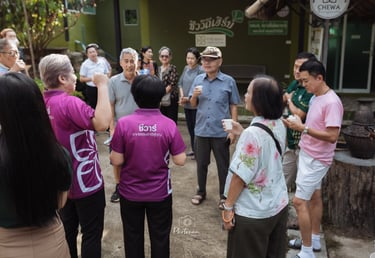 ถ่ายภาพหมู่คณะ ช่างภาพน่าน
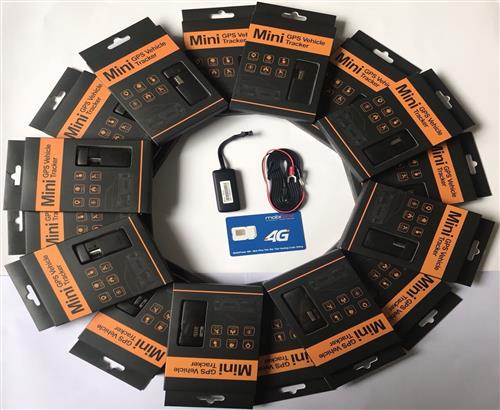 Định vị xe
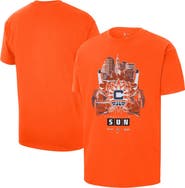 Nike Men's Nike Orange Connecticut Sun Original Content Max90 T-Shirt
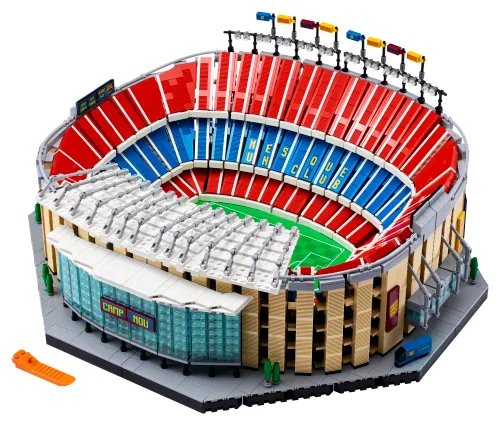 LEGO box 10284 Camp Nou – FC Barcelona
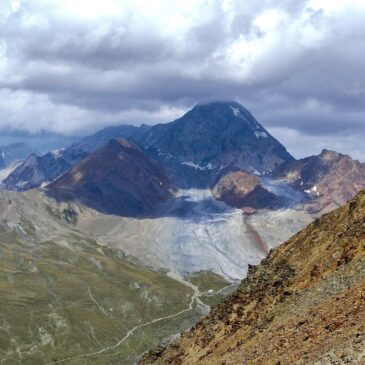 Via dei Camosci e Cima Branca – Val Rosole – Ghiacciaio dei Forni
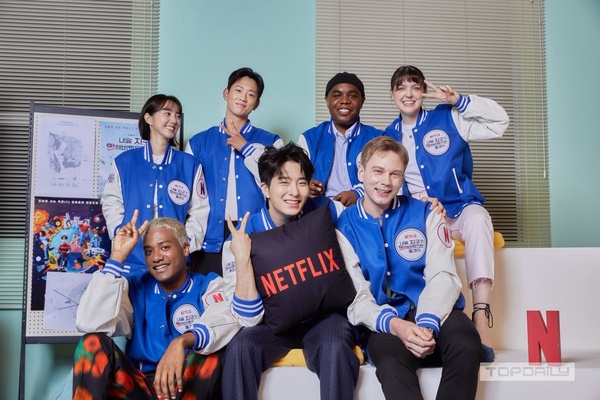 韓網推爆的小眾韓劇！《不瘋不狂不愛你》登韓國Netflix冠軍，這部收視高到韓網嚇一跳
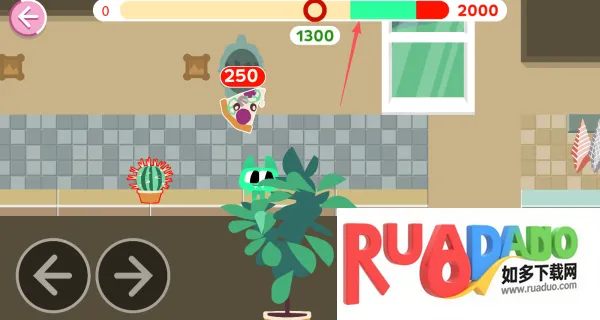 肚皮猫(美食闯关游戏)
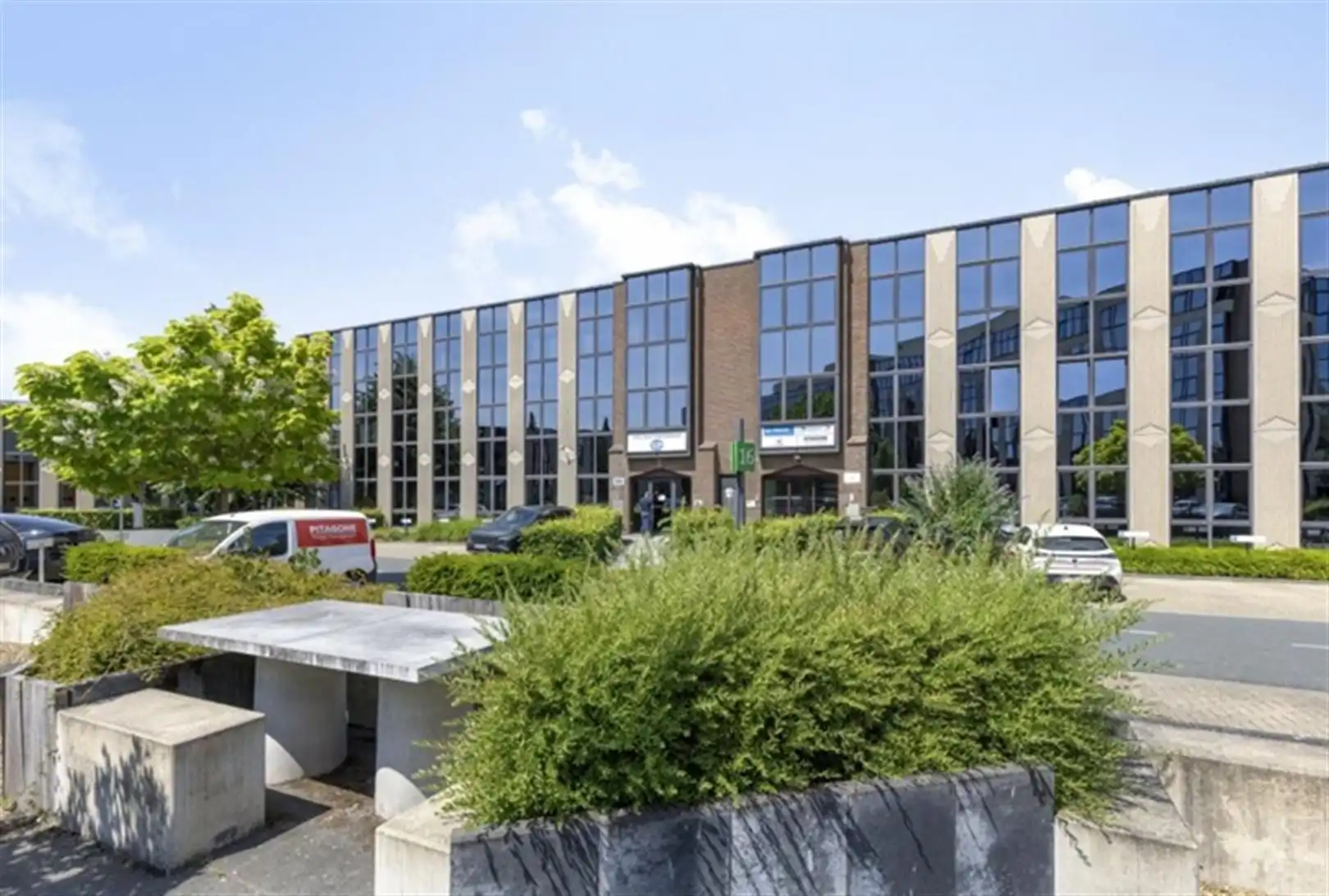 PAEPSEM BUSINESS PARK: vanaf 47m² tot 800 m² foto 23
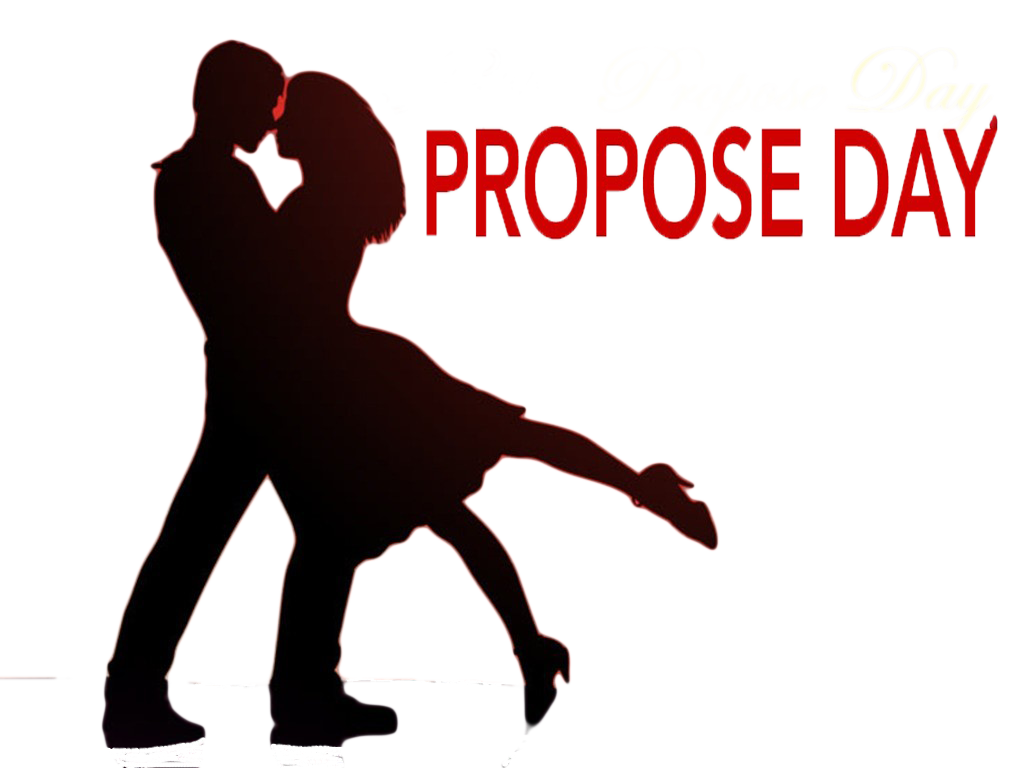 Happy Propose Day Png Image - Lovers Png Images Hd - HD Wallpaper 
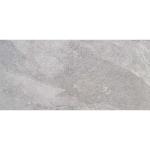 Atlanta Grey Glazed Porcelain Tile - 600x1200x9mm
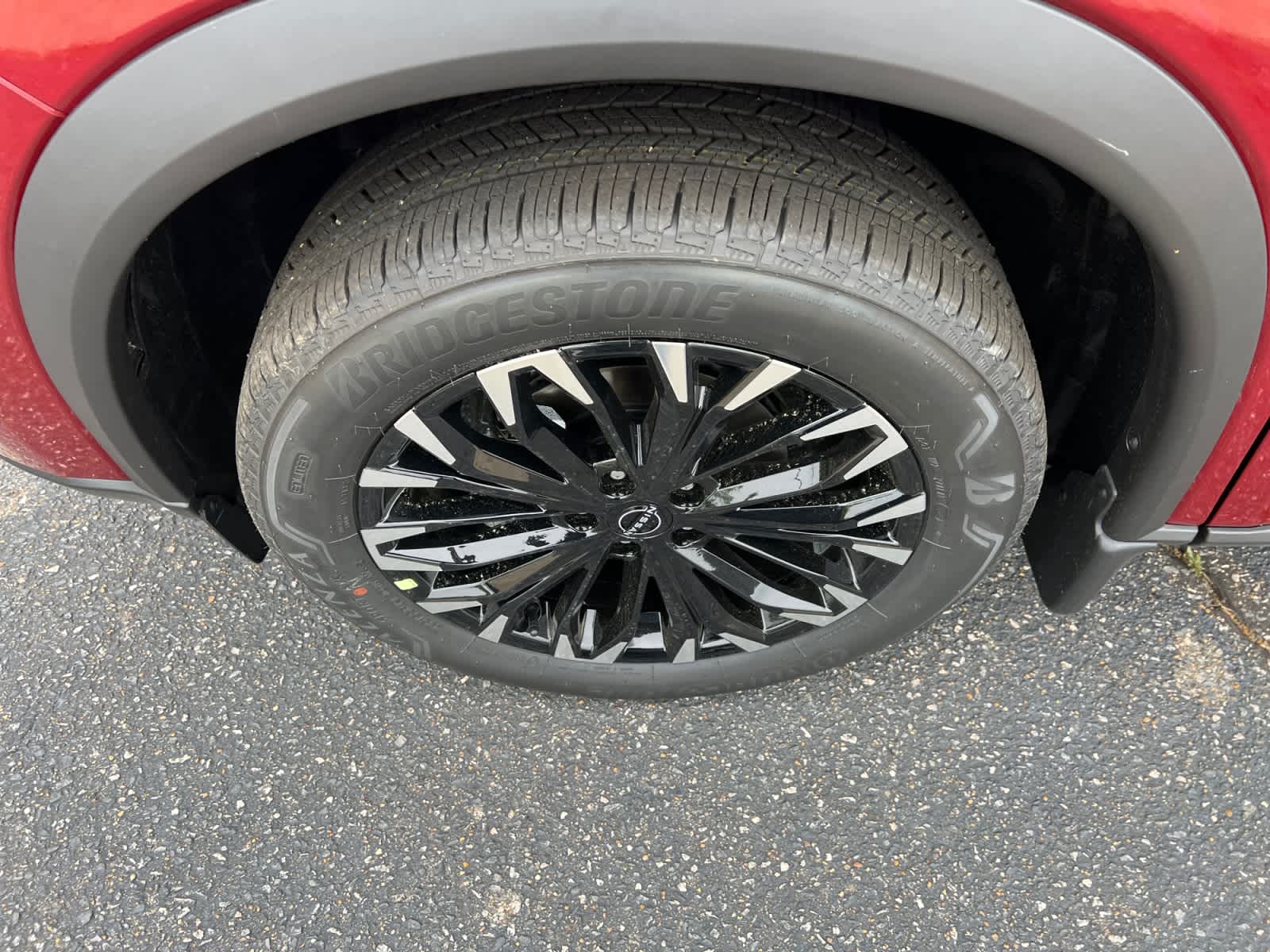 2026 Nissan Rogue Dark Armor™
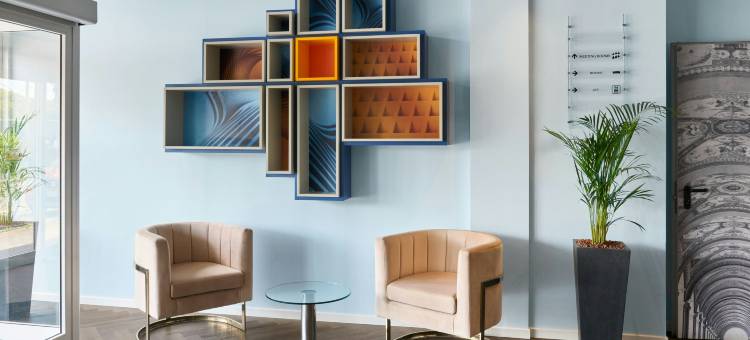 博洛尼亚机场喜来登Four Points灵动酒店(Four Points Flex by Sheraton Bologna Airport)图片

● ● ● ● ● ● ●

● PROBLEM REQUIREMENTS
Print exactly the span of lines that begins with the line containing "2026 Nissan Rogue Dark Armor™" and ends with the last line of the listing, with no pictures.

● COMPLETED EXERCISE
 2026 Nissan Rogue Dark Armor™
 博洛尼亚机场喜来登Four Points灵动酒店(Four Points Flex by Sheraton Bologna Airport)图片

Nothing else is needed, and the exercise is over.